No. 12 on Lisa Alzo's Fearless Females is Working Girls - Did your mother or grandmother work outside the home?
Mum left school at fifteen and got a job with a company that made bookkeeping machines. She did very well and speaks quite fondly of her time there. Once she was married life became very busy (see my post on religion "Believe what you will"), but throughout the years Mum got casual jobs to make up the family shortfall in income. When elections came round, Mum would work for the Electoral Commission as a booth worker. This involved marking off people's names as they came in, handing out ballot papers and reporting breaches to the booth supervisor. In Australia we have mandatory voting. Actually we don't - we have mandatory turn-up-and-get-your-name-marked-on-the-roll. But by the time you have done that you may as well take the ballot papers and fill them in. I am sure Mum did other jobs too, but the Election work is the thing I remember most. The work she did in the home, including running an International Adoption agency, is another matter.
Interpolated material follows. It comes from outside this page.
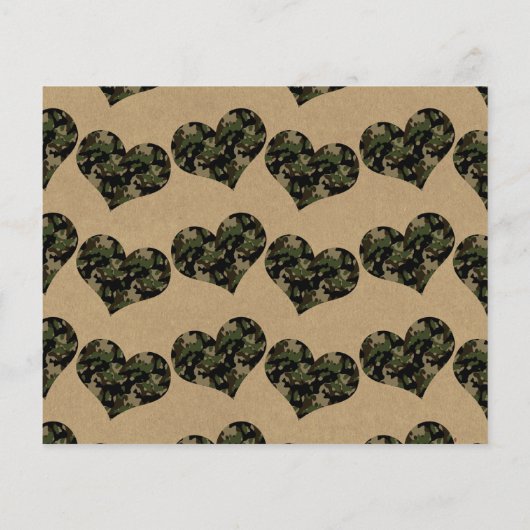 Rustic Camo Hearts Photo Wedding Save the Date (Achterkant)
Both my grandmothers worked at different times. During the Depression, my mother's mother was in a very difficult situation. My grandfather was away being treated for TB and my uncle was in hospital following an accident and subsequent infection, so Nanna had no income. She took in washing and worked as a cleaner to make ends meet. Not surprisingly, she and Grandpop never talked about this time, and I only know about it through Mum and my uncle.
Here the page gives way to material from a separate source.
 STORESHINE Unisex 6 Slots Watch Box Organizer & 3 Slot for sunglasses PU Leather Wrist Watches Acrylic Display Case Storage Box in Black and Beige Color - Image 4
My father's mother ran a series of shops. The one I remember is the toy shop up in Yamba. My uncle tells me Nanna stocked many other things too, but I remember the toys. Nanna was very crafty and made cards and a number of other things too, way back before paper crafts were popular. She did a good trade with them, too. Grandpa always had big ideas and no real idea how to realise them, so Nanna ran a shop to pay the bills and buy the groceries.